En España, a medida que se recrudecían las consecuencias de las crisis y la Justicia destapaba complejísimos entramados de corrupción relacionados con miembros de los dos principales partidos políticos del país, la indignación y la disidencia crecían en modo exponencial, pero las televisiones no se hicieron eco hasta que no les quedó más remedio. Mayo de 2011, las mareas, la PAH o los escraches fueron curiosidades que las cámaras atendieron en momentos puntuales: unos minutos en el informativo y una discusión superflua en una tertulia, poco más. Hasta que apareció un tipo cuyo discurso, al mismo tiempo agresivo y ordenado, calaba entre un público muy amplio, no solo entre quienes simpatizaban de inicio con sus posiciones políticas.

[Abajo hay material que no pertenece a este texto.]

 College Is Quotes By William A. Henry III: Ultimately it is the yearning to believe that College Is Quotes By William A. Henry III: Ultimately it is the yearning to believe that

Como ya expresé en otro post, dudo mucho que la exposición televisiva de Pablo Iglesias por si sola haya logrado que Podemos, el partido del que ahora es secretario general, se coloque en los primeros puestos de intención de voto. Pero es obvio que esa exposición televisiva ha existido y continúa existiendo. Me encantaría pensar que los propietarios y los responsables de programación de los dos grupos mediáticos que se reparten la mayoría del pastel televisivo en nuestro país son paladines de la libertad de expresión, pero soy un fatalista nato y tiendo a pensar que, por el contrario, se debe a razones más prosaicas.

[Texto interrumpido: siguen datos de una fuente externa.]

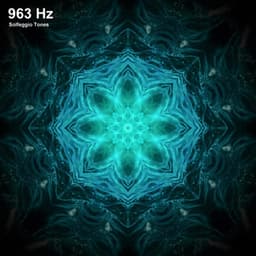 963 Hz Solfeggio Frequencies - Solfeggio Miracle Frequencies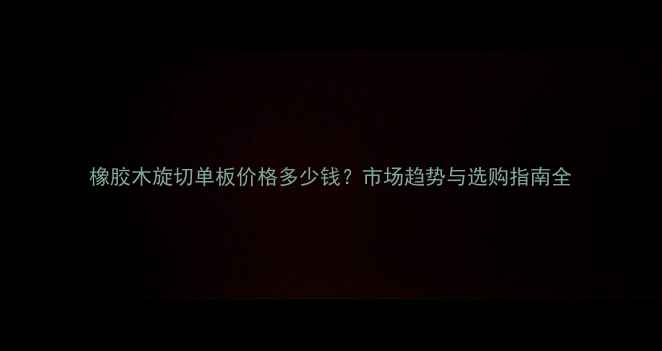 图片 橡胶木旋切单板价格多少钱？市场趋势与选购指南全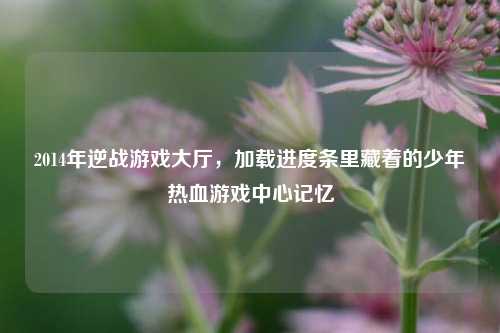 2014年逆战游戏大厅，加载进度条里藏着的少年热血游戏中心记忆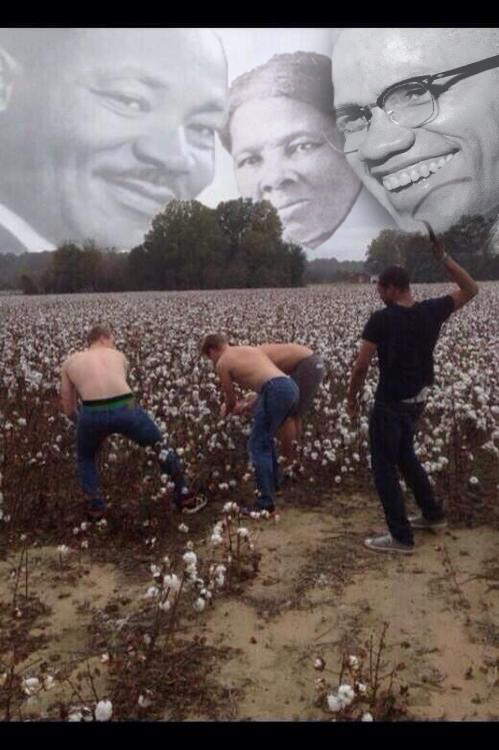 nixonsjowels:  blackfairypresident:  fyeahlilbit3point0:  thorinmyside:  luckythinks91:  thorinmyside:  wheres that picture of the white boys picking cotton and the black kid with the whip i think and mlk jr in the sky smiling    ur right we can’t let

La disidencia tiene una amplia cuota de audiencia y la audiencia garantiza anunciantes. Iglesias y su partido han hecho historia en la política española convencidos de esa certeza mientras que dos canales se han aprovechado de esa convicción para disputarse la atención de los espectadores que simpatizan con el centro-izquierda -un nada desdeñable público objetivo- con la intención de aumentar sus ingresos televisivos.
No se puede discutir la legimitimidad de unos y otros, pero no seamos ingenuos: ni Iglesias ha inventado el agua caliente en términos ideológicos ni las televisiones dan tanto pábulo a todo tipo de posiciones políticas si éstas no engordan el share.